My first time staying in Marseille and I just had the morning free to do a bit of exploring.

I found the coffee shop 'Deep' on the Rue Glandeves near the South Eastern corner of the Old Port.

It's a relatively new looking place with some comfortable seating by the window. They are running a two group La Marzocco together with a Mythos and also have some other brewing methods available. The back half of the shop was filled by a large commercial roaster and lots of sacks of beans. Everything was crisp and clean.

To go with the coffee, they had a small selection of home made cakes and cookies which looked really good. A variety of associated gear (filter, aeropress, scales etc) was also available together with, of course, lots of shop roasted beans of various origins. When I arrived the Barista was busy bagging up some Columbian beans.

I had an Americano with a dash of milk. It was made with great care (OCD prior to tamping, weighed in and out) and was really excellent. Apparently it was a Brazilian origin natural process. It had a pretty (what I call) traditional flavour but with just a touch of citrus finish.

The chocolate chip cookie I had to go with it was also very good.

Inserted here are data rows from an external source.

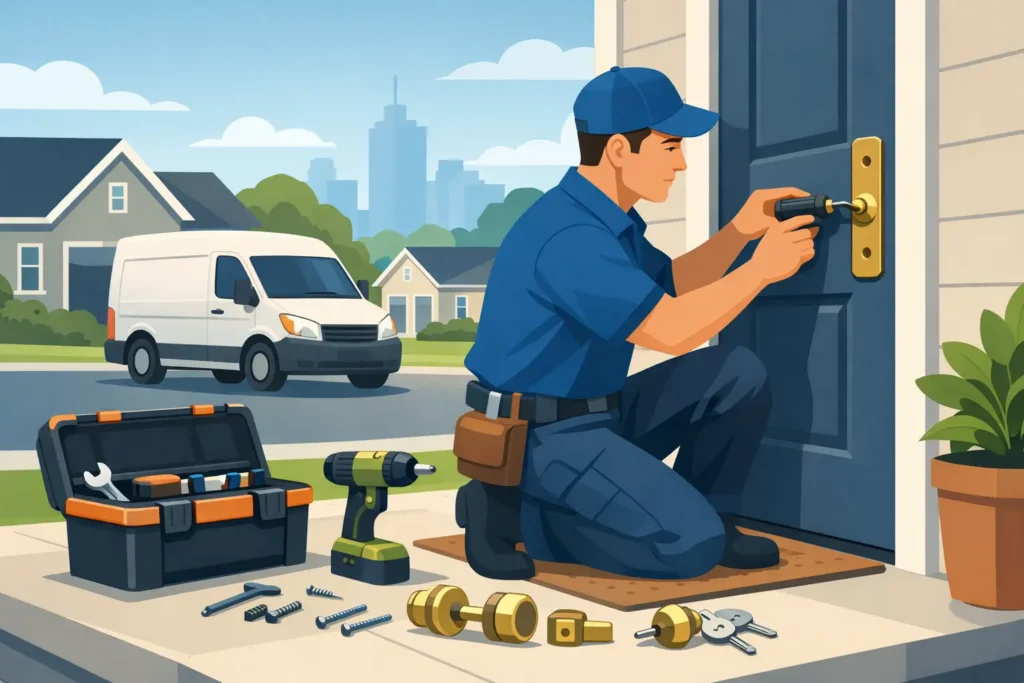 Deadbolt Lock Installation Service in Raleigh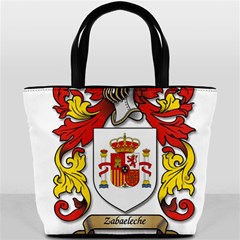 Zabaeleche Coat of Arm Bucket Bag from ArtsNow.com Back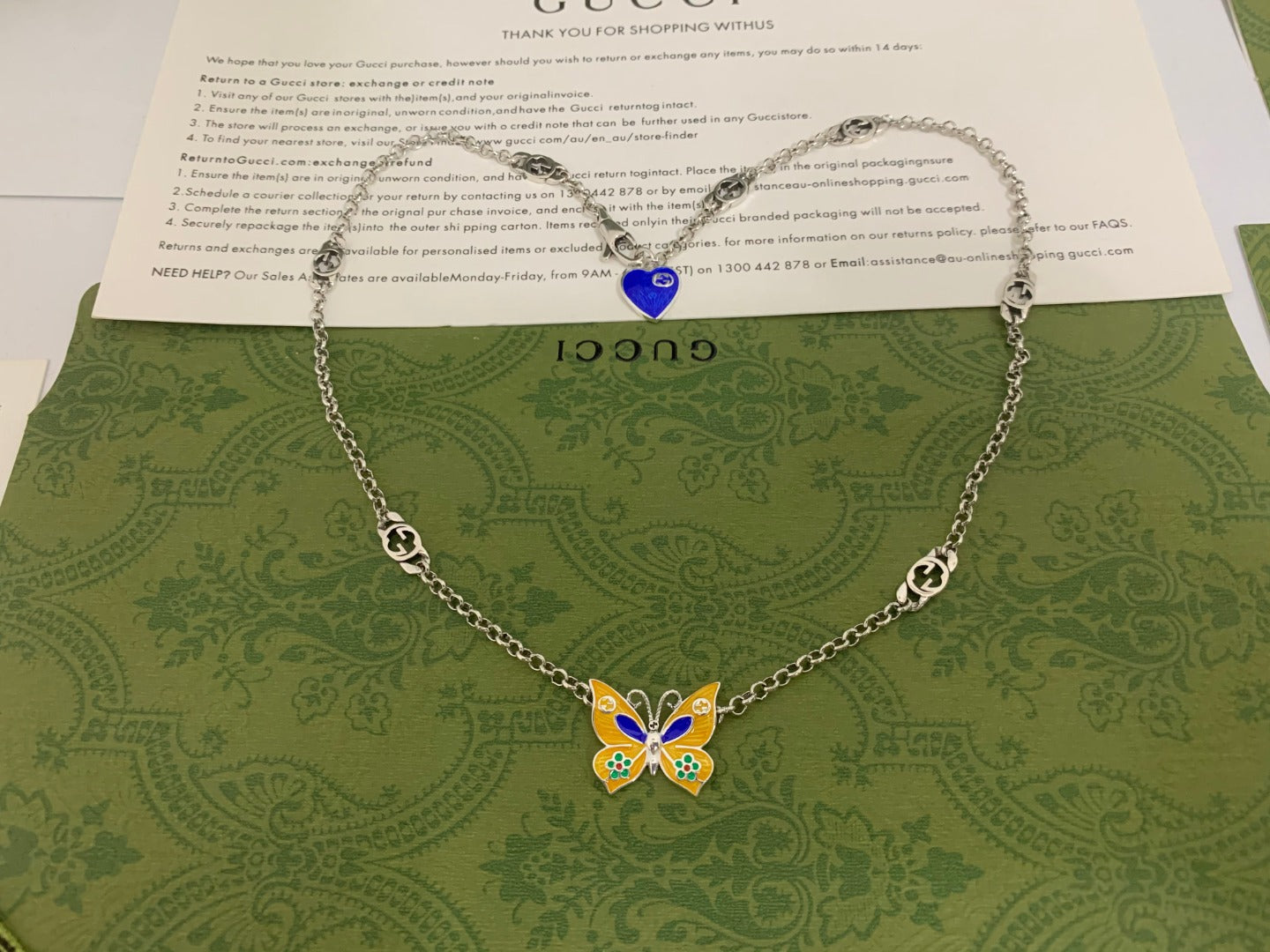 G 25 Butterfly Necklace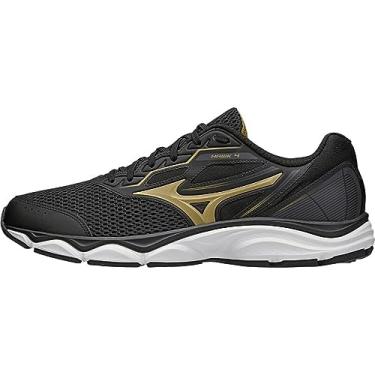 Imagem de Tênis Mizuno Masculino Wave Hawk 4 Preto/ouro 101047047-801 42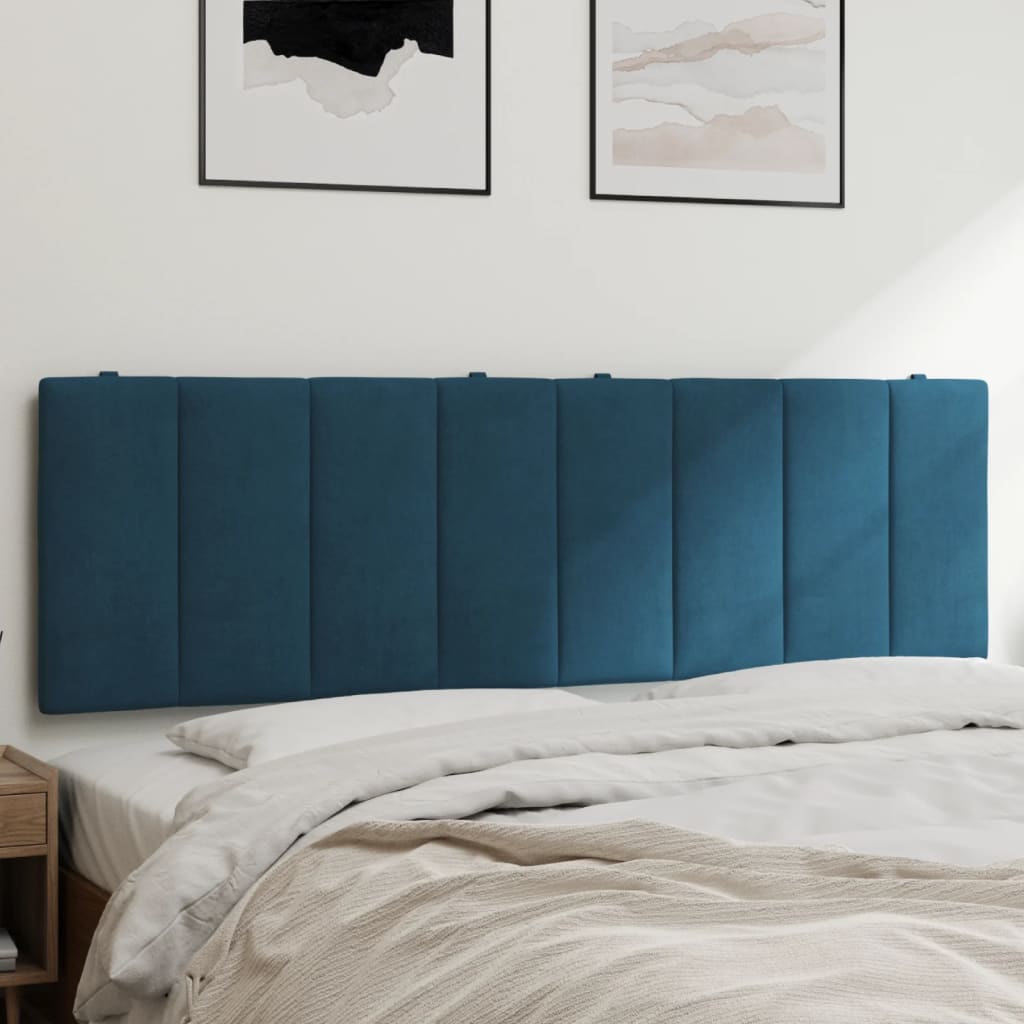 Tête de lit Dhora 160 cm Velours Bleu Tête de lit Dhora 160 cm Velours Bleu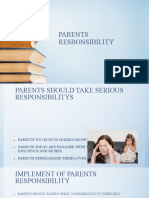 Parents Resbonsibility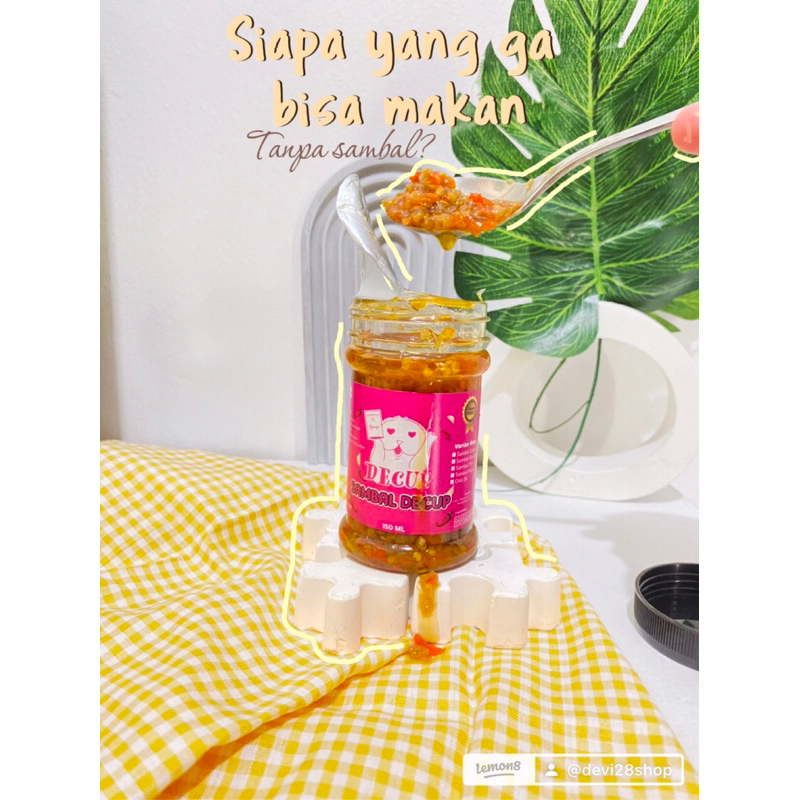 

SAMBAL BAWANG HOMEMADE TANPA BAHAN PENGAWET SAMBAL ALA DECUP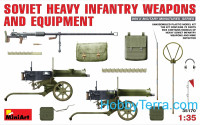 Soviet heavy infantry weapons & mine detector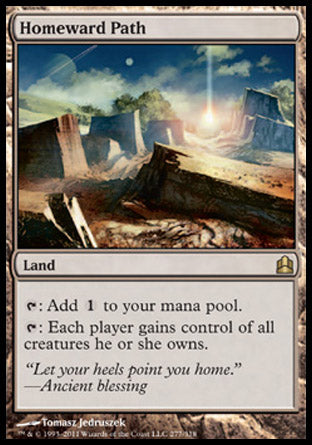 Homeward Path (Commander) Light Play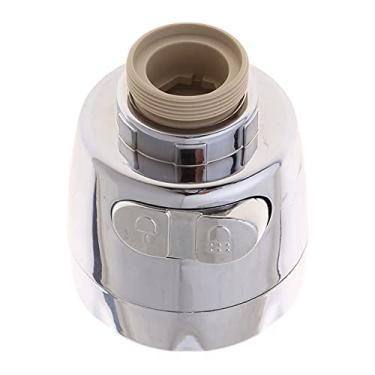 Imagem de Bocal de torneira de 22 mm, aerador, borbulhador, filtro de torneira economizadora de água de dois modos, prata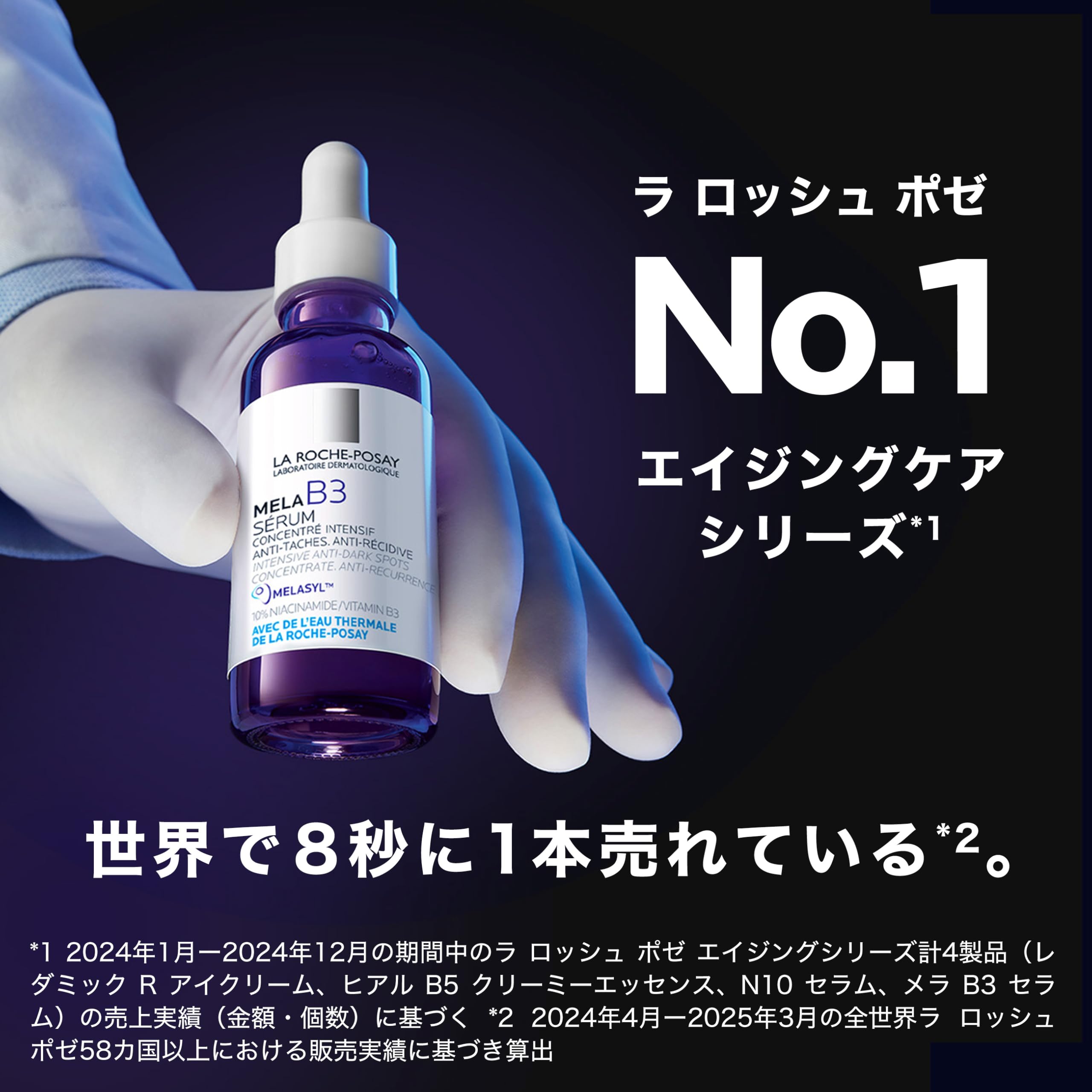 La Roche-Posay Mera B3 Serum 30ml Brightening Serum Niacinamide Retinol Derivative Hyaluronic Acid Pore Care Moisturizing Dullness Uneven Color Transparency Derma Cosmetics
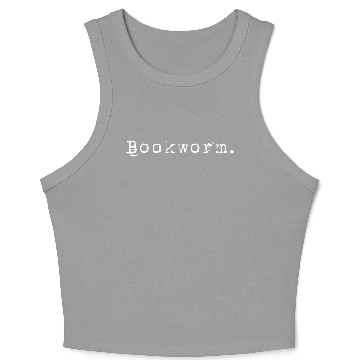Discover BOOKWORM Crop Tank Top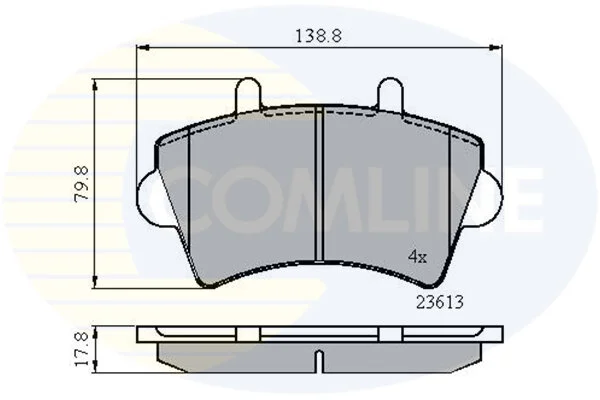 Comline - Гальмівні колодки до дисків COMLINE CBP01035 (фото 1)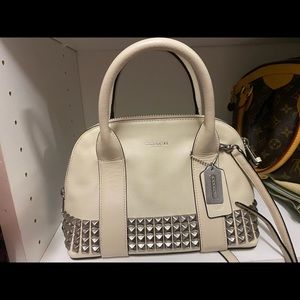 Coach Crossbody purse - cream studded - Authentic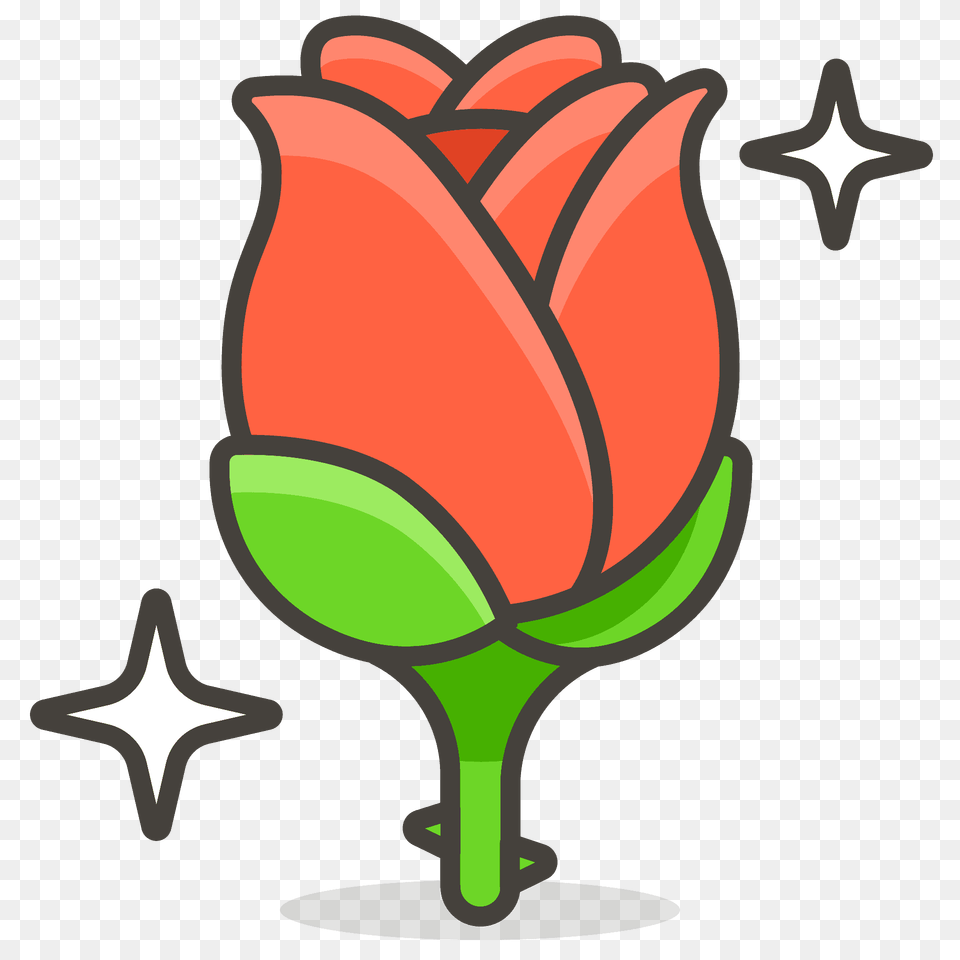 Rose Emoji Clipart, Flower, Plant, Dynamite, Weapon Png Image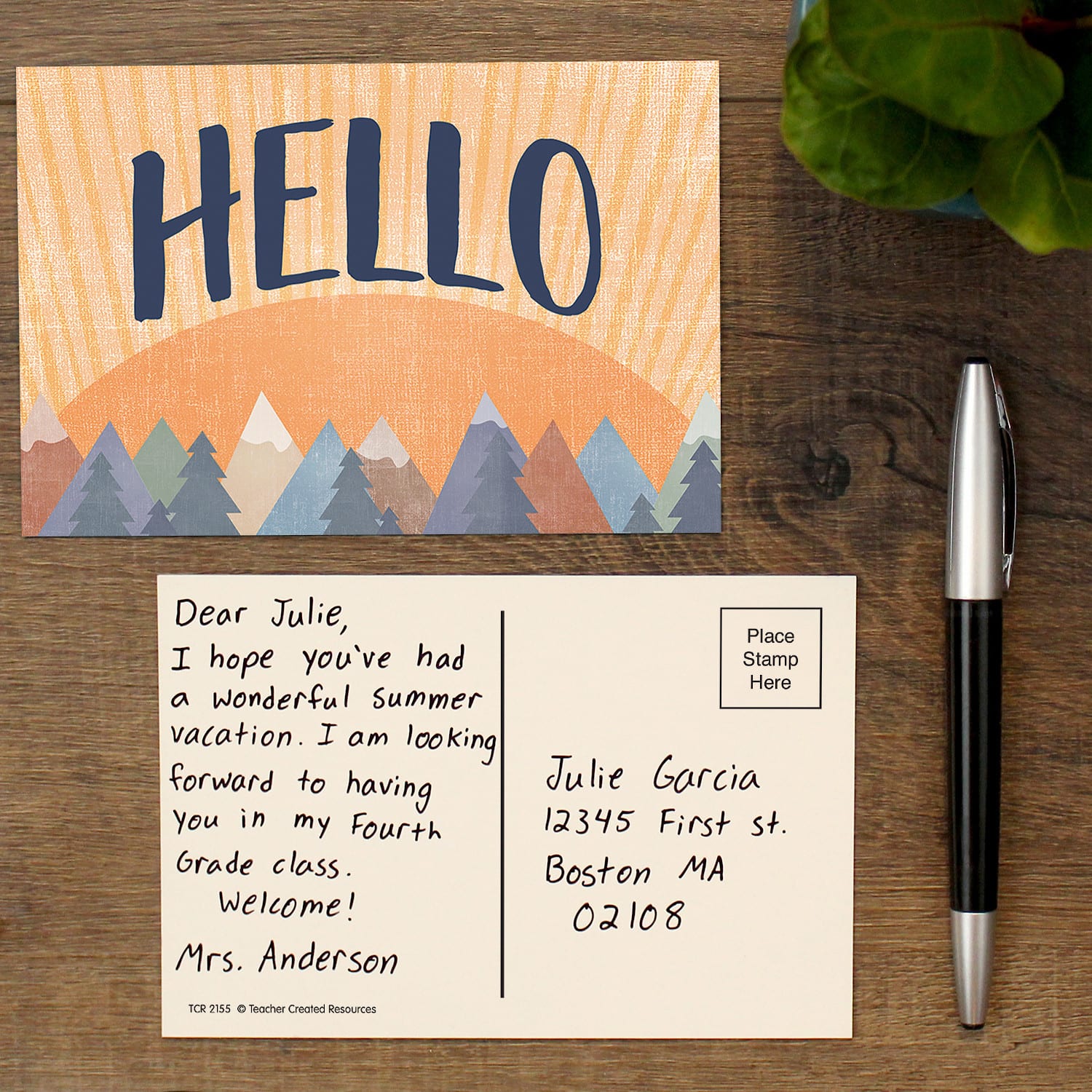 Teacher Created Resources Moving Mountains Hello Postcards, 30 Per Pack, Set Of 6 Packs - Image 5
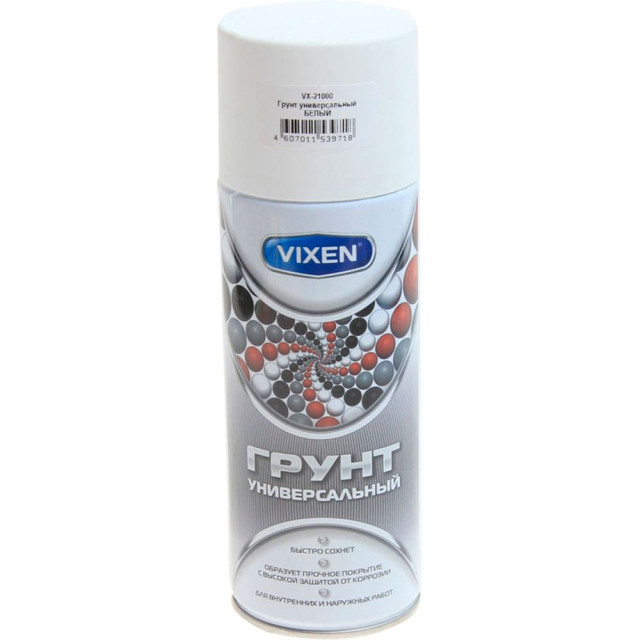 Грунт Vixen VX21000 алкидный белый 520 мл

Best of all was the very friendly and knowledgeable Barista. She was telling me about the growing coffee scene in Marseille and how they are trying to teach their commercial clients (restaurants etc) about brewing ratios and techniques.

Definitely worth a try if you are in Marseille.

(would love to include a couple of photos but I can't, for the life of me, seem to upload them the right way up !)


----------



## Markk (Apr 8, 2016)

Now that it's become super easy to insert those photos !


----------



## tammma (May 27, 2019)

+1 for Deep. Thanks for the recommendation.

Pity they were repaving the sidewalks outside last November.


----------